Picking the right “level” for events is key. Libraries tend to not assume that events can be read “quickly” off the bus. At the same time, to remain lively and useful, we want to be able to have consumers of the bus to get information at a rate they choose. A common pattern used is to publish a “start” event (for example, “cataloging started”) and publish with that event a read-only, thread-safe object that can be polled by the caller to get progress or status-based information out.

sequenceDiagram
    participant CMD as cmd/<br/>(CLI Layer)
    participant Bus as internal/bus/<br/>(Event Bus)
    participant Lib as lib/<br/>(Library Layer)
    participant Progress as Progress Object

    CMD->>Bus: Subscribe()
    CMD->>+Lib: PerformOperation()
    Lib->>Progress: Create progress object
    Lib->>Bus: Publish(StartEvent, progress)
    Bus->>CMD: StartEvent

    loop Poll until complete
        CMD->>Progress: Size(), Current(), Stage(), Error()
        Progress-->>CMD: status (Error: nil)
    end

    Lib-->>-CMD: Return result
    CMD->>Progress: Error()
    Progress-->>CMD: ErrCompleted

This prevents against the library accidentally being a “firehose” and overwhelming subscribers who are trying to convey timely information. When subscribers cannot keep up with the amount of events emitted from the library then the very information being displayed tends to get stale and useless anyway. At the same time, the there is a lot of value in responding to events instead of polling for all information.

This pattern helps to balance the best of both worlds, getting an event driven system with a consumer-driven update cadence.

The logging system

The logging system, under /internal/log/ within the target application, provides structured logging throughout Anchore’s applications with an injectable logger interface. This allows library consumers to integrate the application’s logging into their own logging infrastructure. There is an adapter for logrus to this interface implemented, and we’re happy to take additional contributions for other concrete logger adapters.

The logging system is implemented as a singleton with global functions (log.Info, log.Debug, etc.). Library consumers inject their logger by calling the public API function syft.SetLogger(yourLoggerHere).

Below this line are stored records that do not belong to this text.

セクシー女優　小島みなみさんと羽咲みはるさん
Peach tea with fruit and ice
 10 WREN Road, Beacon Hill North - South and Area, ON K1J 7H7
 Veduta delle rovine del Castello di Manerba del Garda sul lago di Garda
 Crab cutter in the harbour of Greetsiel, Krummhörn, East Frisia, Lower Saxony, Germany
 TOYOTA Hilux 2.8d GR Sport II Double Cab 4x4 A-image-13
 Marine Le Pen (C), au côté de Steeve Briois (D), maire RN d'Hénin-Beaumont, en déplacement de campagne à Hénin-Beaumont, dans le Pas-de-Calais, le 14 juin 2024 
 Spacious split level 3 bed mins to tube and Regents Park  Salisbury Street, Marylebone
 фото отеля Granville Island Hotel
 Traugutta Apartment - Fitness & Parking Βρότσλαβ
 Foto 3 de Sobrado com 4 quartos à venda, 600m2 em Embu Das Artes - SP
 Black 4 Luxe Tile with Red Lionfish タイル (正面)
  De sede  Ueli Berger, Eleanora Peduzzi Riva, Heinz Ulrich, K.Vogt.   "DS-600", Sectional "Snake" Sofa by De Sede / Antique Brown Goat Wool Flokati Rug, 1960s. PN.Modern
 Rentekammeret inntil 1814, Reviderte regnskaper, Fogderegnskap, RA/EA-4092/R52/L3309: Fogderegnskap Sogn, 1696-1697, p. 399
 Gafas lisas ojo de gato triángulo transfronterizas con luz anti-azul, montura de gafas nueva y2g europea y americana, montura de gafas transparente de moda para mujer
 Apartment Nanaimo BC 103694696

By default, Syft uses a discard logger (no-op) that silently ignores all log messages. This ensures the library produces no output unless a logger is explicitly provided.

All loggers are automatically wrapped with a redaction layer when you call SetLogger(). The wrapping is applied internally by the logging system, which removes sensitive information (like authentication tokens) from log output. This happens transparently within the application CLI, however, API users will need to explicitly register secrets to be redacted.

Releasing

Each application uses goreleaser to build and publish releases, as orchestrated by a release workflow.

The release workflow can be triggered with make release from a local checkout of the repository. Chronicle is used to automatically generate release notes based on GitHub issues and PR titles/labels, using the same information to determine the next version for the release.

With each repo, we tend to publish (but some details may vary slightly between repos):

• a tag with the version (e.g., v0.50.0)
• binaries for Linux, Mac, and Windows, uploaded as GitHub release assets (note, we sign and notarize Mac binaries with Quill)
• Docker images, pushed to Docker Hub and ghcr.io registries
• Update homebrew taps

We ensure the same tool versions are used locally and in CI by using Binny, orchestrated with make and task.